House Budget Committee Chairman Paul Ryan (R-Wis.) on Tuesday declined to fully flesh out the tax-reform proposal contained in his 2013 budget coming to a House floor vote next week.
Ryan, in a news conference after the release of his budget, said it will be up to the tax-writing Ways and Means Committee to specify the tax proposals later.
“No, you don’t have to get rid of all of them,” Ryan said at a news conference.
Ryan’s plan broadly proposes collapsing the six marginal individual tax rates into just two rates — 10 percent and 25 percent. To pay for the huge reduction in revenue this would entail, the budget calls for tax shelters and deductions to be eliminated.
The budget, based directly on an outline from Ways and Means Republicans, avoids specifying which tax deductions would be hit. It also doesn’t specify on what income the new tax brackets would be applied.

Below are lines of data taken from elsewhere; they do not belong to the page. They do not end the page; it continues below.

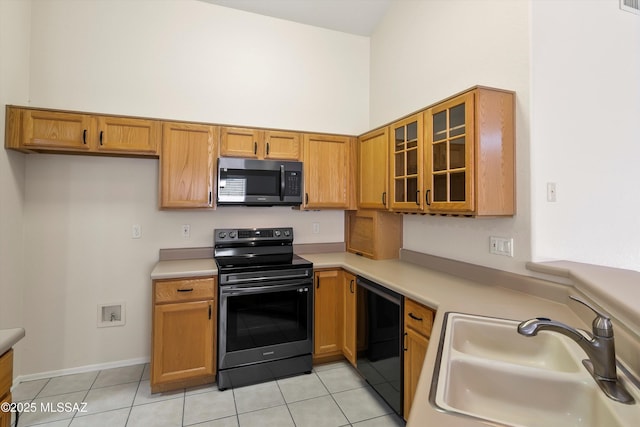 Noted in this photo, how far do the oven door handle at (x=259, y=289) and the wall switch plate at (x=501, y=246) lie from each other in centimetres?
140

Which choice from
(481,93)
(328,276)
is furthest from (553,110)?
(328,276)

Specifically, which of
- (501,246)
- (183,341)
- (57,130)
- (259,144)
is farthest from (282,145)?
(501,246)

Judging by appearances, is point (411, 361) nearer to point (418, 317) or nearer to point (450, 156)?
point (418, 317)

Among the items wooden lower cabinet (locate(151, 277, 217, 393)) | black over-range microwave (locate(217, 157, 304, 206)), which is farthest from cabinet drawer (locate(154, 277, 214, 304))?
black over-range microwave (locate(217, 157, 304, 206))

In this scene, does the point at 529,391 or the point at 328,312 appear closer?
the point at 529,391

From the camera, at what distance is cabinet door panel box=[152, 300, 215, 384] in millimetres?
2281

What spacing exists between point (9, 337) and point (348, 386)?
6.85 ft

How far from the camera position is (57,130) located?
231 centimetres

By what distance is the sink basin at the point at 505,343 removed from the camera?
4.00 ft

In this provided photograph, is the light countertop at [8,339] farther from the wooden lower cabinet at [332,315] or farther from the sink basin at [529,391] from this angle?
the wooden lower cabinet at [332,315]

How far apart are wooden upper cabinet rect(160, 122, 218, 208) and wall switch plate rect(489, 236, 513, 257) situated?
216cm

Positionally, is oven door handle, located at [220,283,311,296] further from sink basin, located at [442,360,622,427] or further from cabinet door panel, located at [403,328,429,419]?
sink basin, located at [442,360,622,427]

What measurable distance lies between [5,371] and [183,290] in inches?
47.4

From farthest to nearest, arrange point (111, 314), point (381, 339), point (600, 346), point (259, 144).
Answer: point (259, 144) < point (111, 314) < point (381, 339) < point (600, 346) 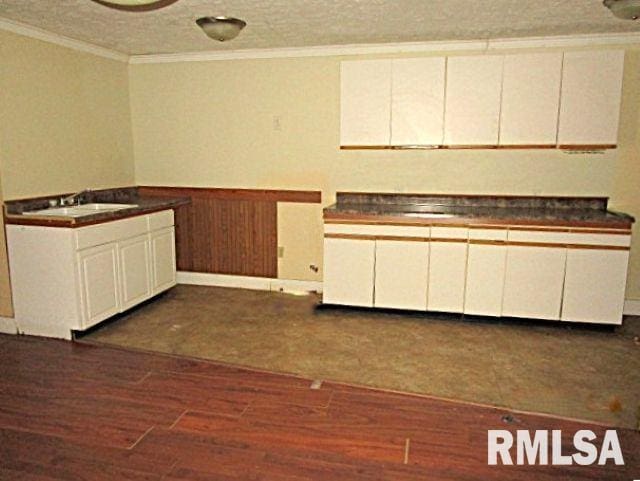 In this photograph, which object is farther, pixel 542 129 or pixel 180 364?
pixel 542 129

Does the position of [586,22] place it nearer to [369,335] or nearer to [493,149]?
[493,149]

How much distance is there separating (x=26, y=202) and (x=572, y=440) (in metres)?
3.85

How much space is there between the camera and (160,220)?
14.0 ft

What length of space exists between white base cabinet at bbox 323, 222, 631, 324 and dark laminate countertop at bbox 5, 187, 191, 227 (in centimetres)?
157

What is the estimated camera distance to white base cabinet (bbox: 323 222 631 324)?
3592 mm

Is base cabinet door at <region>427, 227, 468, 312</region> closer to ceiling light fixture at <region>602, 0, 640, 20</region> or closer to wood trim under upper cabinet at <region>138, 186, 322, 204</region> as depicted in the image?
wood trim under upper cabinet at <region>138, 186, 322, 204</region>

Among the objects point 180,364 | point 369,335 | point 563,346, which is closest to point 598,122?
point 563,346

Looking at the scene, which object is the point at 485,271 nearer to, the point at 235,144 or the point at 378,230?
the point at 378,230

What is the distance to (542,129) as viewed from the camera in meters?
3.81

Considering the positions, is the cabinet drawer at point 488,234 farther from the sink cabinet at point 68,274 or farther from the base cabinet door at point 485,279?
the sink cabinet at point 68,274

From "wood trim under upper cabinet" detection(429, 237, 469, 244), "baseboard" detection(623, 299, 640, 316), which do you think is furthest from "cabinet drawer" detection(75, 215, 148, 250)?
"baseboard" detection(623, 299, 640, 316)

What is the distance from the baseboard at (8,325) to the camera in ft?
11.6

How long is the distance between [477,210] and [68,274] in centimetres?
327

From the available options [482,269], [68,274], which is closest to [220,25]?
[68,274] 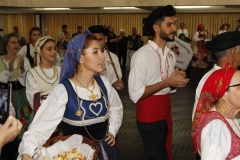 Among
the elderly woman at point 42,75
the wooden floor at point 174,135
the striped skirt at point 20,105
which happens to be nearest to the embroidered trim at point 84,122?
the elderly woman at point 42,75

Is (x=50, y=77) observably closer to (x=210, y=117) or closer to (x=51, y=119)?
(x=51, y=119)

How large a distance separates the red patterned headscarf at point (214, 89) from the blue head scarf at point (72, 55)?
3.00 ft

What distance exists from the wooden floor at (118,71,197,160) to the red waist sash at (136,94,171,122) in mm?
1333

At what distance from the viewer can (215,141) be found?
179 centimetres

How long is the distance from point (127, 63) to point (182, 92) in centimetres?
548

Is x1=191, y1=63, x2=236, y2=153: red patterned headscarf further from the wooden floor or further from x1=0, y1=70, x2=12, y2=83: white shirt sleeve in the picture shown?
x1=0, y1=70, x2=12, y2=83: white shirt sleeve

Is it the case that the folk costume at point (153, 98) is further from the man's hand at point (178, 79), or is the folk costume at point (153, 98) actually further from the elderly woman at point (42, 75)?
the elderly woman at point (42, 75)

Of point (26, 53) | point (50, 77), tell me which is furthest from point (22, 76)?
point (26, 53)

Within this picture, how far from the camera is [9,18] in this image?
1742cm

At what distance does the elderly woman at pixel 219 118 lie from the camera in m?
1.80

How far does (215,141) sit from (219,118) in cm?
15

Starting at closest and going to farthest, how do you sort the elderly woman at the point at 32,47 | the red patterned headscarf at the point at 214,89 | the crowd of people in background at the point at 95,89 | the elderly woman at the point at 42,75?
the red patterned headscarf at the point at 214,89, the crowd of people in background at the point at 95,89, the elderly woman at the point at 42,75, the elderly woman at the point at 32,47

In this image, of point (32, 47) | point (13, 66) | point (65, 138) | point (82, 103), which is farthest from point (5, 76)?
point (65, 138)

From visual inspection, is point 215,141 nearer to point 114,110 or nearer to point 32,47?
point 114,110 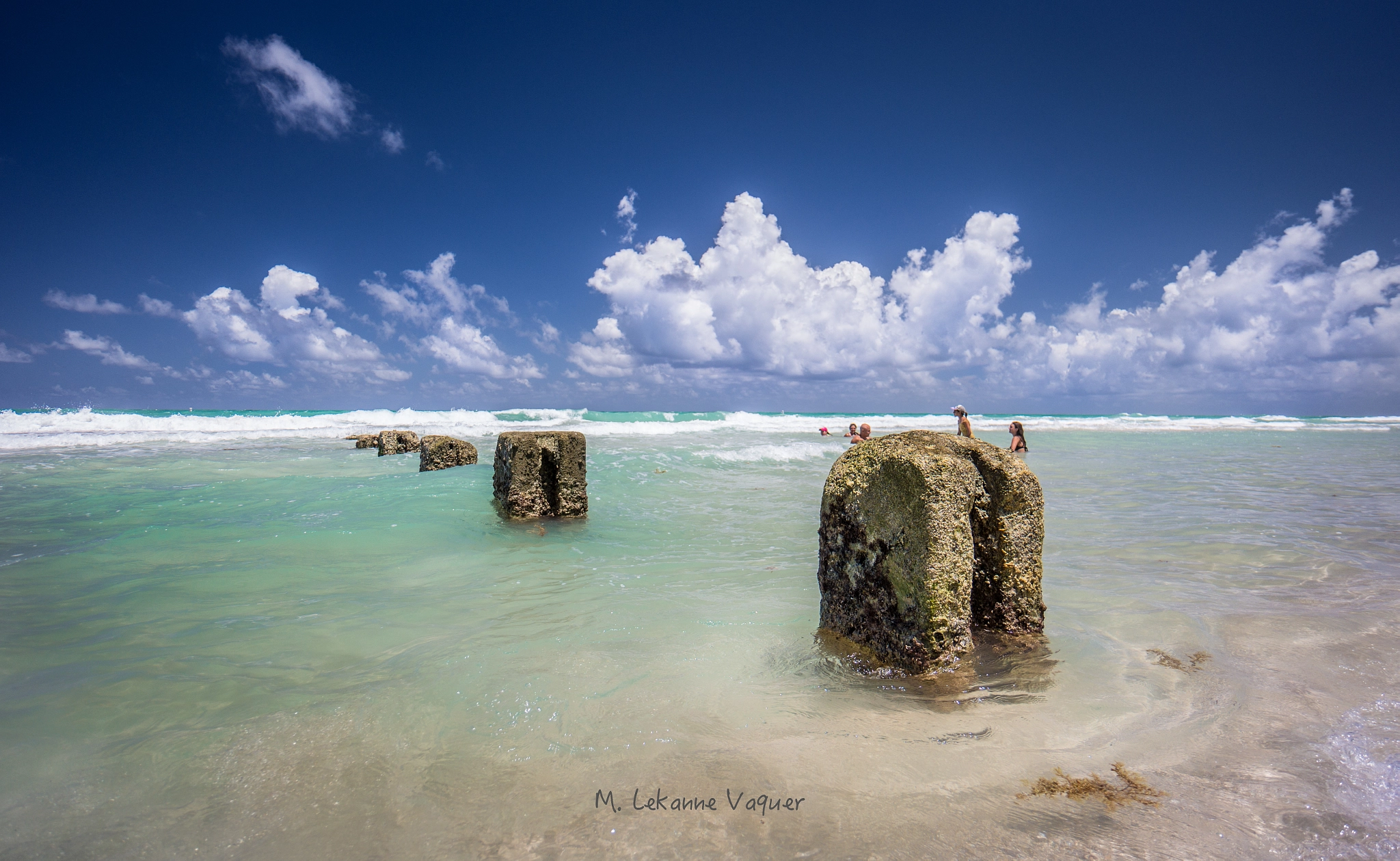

This has led to criticism from Democrats, who said the GOP budget would hurt middle-class taxpayers.
“The only way to cut the top tax rate to 25 percent is to essentially end the tax deductions for health care coverage, mortgage interest expenses and charitable contributions, even as Republicans would keep the temporary lower rates for capital gains and dividends that mainly benefit very high-income taxpayers,” Ways and Means Committee ranking member Sandy Levin (D-Mich.) said in a statement.
Ryan said the plan is written in a way in which revenue is neither raised nor lowered overall compared to current policy. Revenue would simply remain at current levels. In this way, the proposal can be scored, even though loopholes are not identified, and exactly who falls into what bracket is not specified, he said.